What's the university's reward for being relatively tolerant of dissent?

Why, it becomes the subject of a lawsuit, of course.

Got that? When right-wing school systems suppress free speech, the victims are told they have no case. But when a school actually allows free speech, it gets sued pell-mell to court.

In this case, it's unclear if the university was actually named as a defendant. Rather, the federal government was sued because it failed to pull the university's funding for allowing the protests.

You can't make this shit up, people.

The suit was filed by Young America's Foundation, which calls itself the "principal outreach arm of the conservative movement." YAF said that by allowing the protests, UC Santa Cruz was denying equal access by military recruiters.

And this, according to YAF, violates the hated Solomon Amendment that passed in the mid-'90s.

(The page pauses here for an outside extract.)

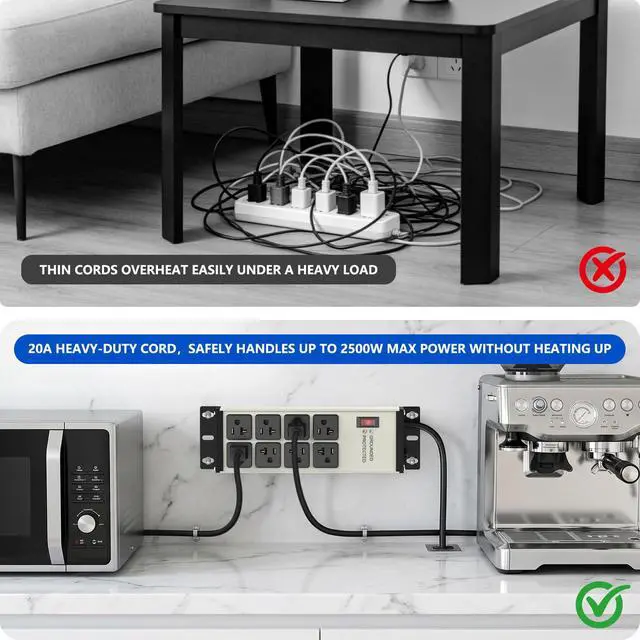 Alt view image 5 of 7 - Heavy Duty Power Strip 20 Amp, 12 Gauge Surge Protector, 6FT | 2500W Extension Cord with Multiple Outlets8 Ports Wall Mount for Garage, Workshop, ShopIndustrial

The Solomon Amendment was an attempt by right-wing members of Congress to control the politics of universities - and punish those that didn't toe the party line. If a university didn't want the military recruiting students to fight in a war, it would lose federal funding. The Bush regime later expanded this policy.

But that point is moot, as UC Santa Cruz did not bar the recruiters. YAF's argument is that by allowing recruiters and antiwar students the same access, it's chasing the recruiters away.

But now the U.S. Court of Appeals in Washington has laughed that argument clean out of the courtroom.

I don't even need to tell you that YAF's lawsuit was about stifling the antiwar activists' free speech. Nothing more. If you pay even minimal attention to the news, you know that.

Hey YAF, why don't you sue a university like NKU that has shown time and time again that it's hell-bent on suppressing free speech?